MIT economist Peter Diamond has had a tumultuous few years. In April of 2010, Barack Obama nominated him to serve on the Federal Reserve’s Board of Governors. Republicans blocked his nomination. Then, in October of 2010, he won the Nobel prize in economics. Republicans continued blocking his nomination. In June of 2011, he finally withdrew his name from consideration. It turns out that even a Nobel prize isn’t enough to convince the Senate to give you a role in economic policymaking anymore.

But Diamond’s particular areas of expertise -- labor markets and pension programs, notably -- are unusually salient right now. I reached him at his home in New Hampshire to get his take on the continuing economic crisis:

Ezra Klein: It’s late-2011, and unemployment is still above nine percentage points. Would you have predicted that in 2007? Or has the severity and persistence of the crisis taken you by surprise?

Peter Diamond: I don’t think I had fully registered the points that are in the Reinhart/Rogoff book. This isn’t just a more severe recession, it’s a different kind of animal. And it leaves us with a couple of real dilemmas. Some are very hard to deal with, and some would be easy to deal with if the political process worked better.

Let’s start with the hard to deal with. Small business needs lots of borrowing. The borrowing comes from a large extent from banks. It comes from a large extent out of own wealth or family wealth. After the kind of housing bubble we’ve had, banks are weakened, and households underwater can’t help small businesses get going. We’re having an extended period in which small businesses aren’t contributing to growth the way they normally can. We would like to clean that up, but the catch is that there’s debt that won’t fully be paid off. We need to recognize that.

EK: And the easier problem?

PD: Infrastructure spending is not a vehicle for dealing with a normal recession. But once you recognize this recovery will be slow, you realize this is a time when we should be doing major spending on infrastructure.
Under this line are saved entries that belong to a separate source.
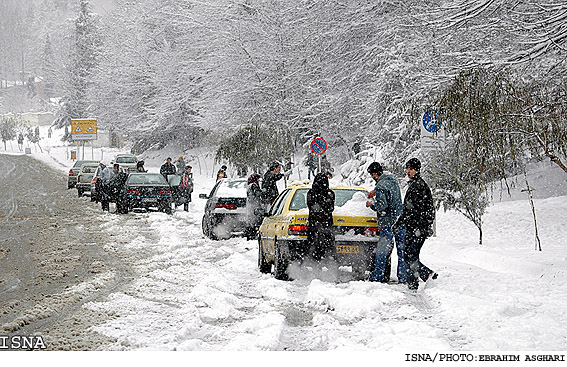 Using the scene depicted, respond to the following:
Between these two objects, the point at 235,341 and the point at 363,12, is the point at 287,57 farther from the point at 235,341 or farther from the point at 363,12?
the point at 235,341

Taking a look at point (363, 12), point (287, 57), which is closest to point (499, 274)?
point (363, 12)

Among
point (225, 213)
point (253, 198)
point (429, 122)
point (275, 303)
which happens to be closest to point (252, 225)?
point (225, 213)

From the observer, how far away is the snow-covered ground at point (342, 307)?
20.8ft

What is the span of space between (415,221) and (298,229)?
182 cm

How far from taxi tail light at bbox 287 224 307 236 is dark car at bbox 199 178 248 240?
20.5 ft

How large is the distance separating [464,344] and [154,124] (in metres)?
47.1

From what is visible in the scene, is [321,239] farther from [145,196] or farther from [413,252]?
[145,196]

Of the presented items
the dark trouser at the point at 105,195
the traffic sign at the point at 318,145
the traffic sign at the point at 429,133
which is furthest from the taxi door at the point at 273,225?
the dark trouser at the point at 105,195

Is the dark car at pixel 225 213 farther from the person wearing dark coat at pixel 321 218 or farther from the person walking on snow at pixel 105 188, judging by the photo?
the person walking on snow at pixel 105 188

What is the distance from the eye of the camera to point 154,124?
169ft

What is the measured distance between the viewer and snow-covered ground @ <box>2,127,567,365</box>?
20.8ft

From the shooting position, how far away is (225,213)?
16234 millimetres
And a lot of the infrastructure investments are stuff we’re going to have to deal with eventually, so doing it now doesn’t actually add to the trend debt problem, and doing it now means we’re doing it with otherwise unused resources, both in terms of labor and capital, so that makes it cheaper for the economy.

At the same time, we have a debt problem. Not a debt crisis, but a debt problem. And we have to worry about the affect addressing it will have on the recovery. My particular take is, this would be a great time to restore actuarial balance to Social Security. Plans to restore Social Security inevitably phase in slowly because you don’t want big surprises in people’s pensions. And if we do the kind of fix that my book with Peter Orszag described, we have a huge drop in the debt-to-gdp ratio. In the evaluations we did of the proposal in 2005, we looked at 2050 and we knocked 25 percent off the debt-to-gdp ratio relative to paying all the scheduled benefits.
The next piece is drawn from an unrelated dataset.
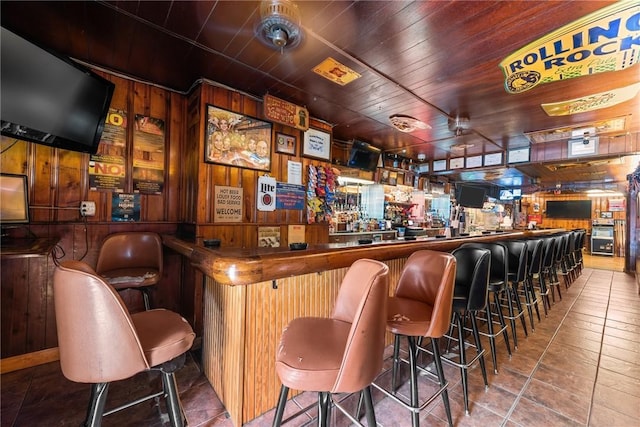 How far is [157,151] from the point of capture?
117 inches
EK: What can the Federal Reserve do?

PD: The Fed doesn’t have the kind of clout it had when interest rates were higher, and you could bring them down. What has been talked about is some more quantitative easing as a way of addressing interest rates. You’ve also heard people like Paul Krugman call for the Fed to commit to higher inflation. Some people propose this by having the Fed commit to a price-level target. I don’t think that’s a good way to think about it. What I think they could do is say that higher inflation would not be a problem for awhile. But that goes back to my earlier point about who takes the loss on the debt: what happens then is that homeowners are doing better, and the banks are doing worse. So we’re helping with one problem and hurting another. I think it’s probably a good idea nevertheless. The other question that has been raised is whether the Fed can lower the interest rate on the money banks keep at the Fed. I think it’s interesting, but I don’t have a firm view on it.

But I’m seriously disappointed in the three dissenting bank presidents on the Federal Reserve’s Open Markets Committee. Given the seriousness of the social cost of the level of unemployment we have and the impact on the labor market down the road, the phantom of inflation we can’t deal with seems to be no reason not to try to help.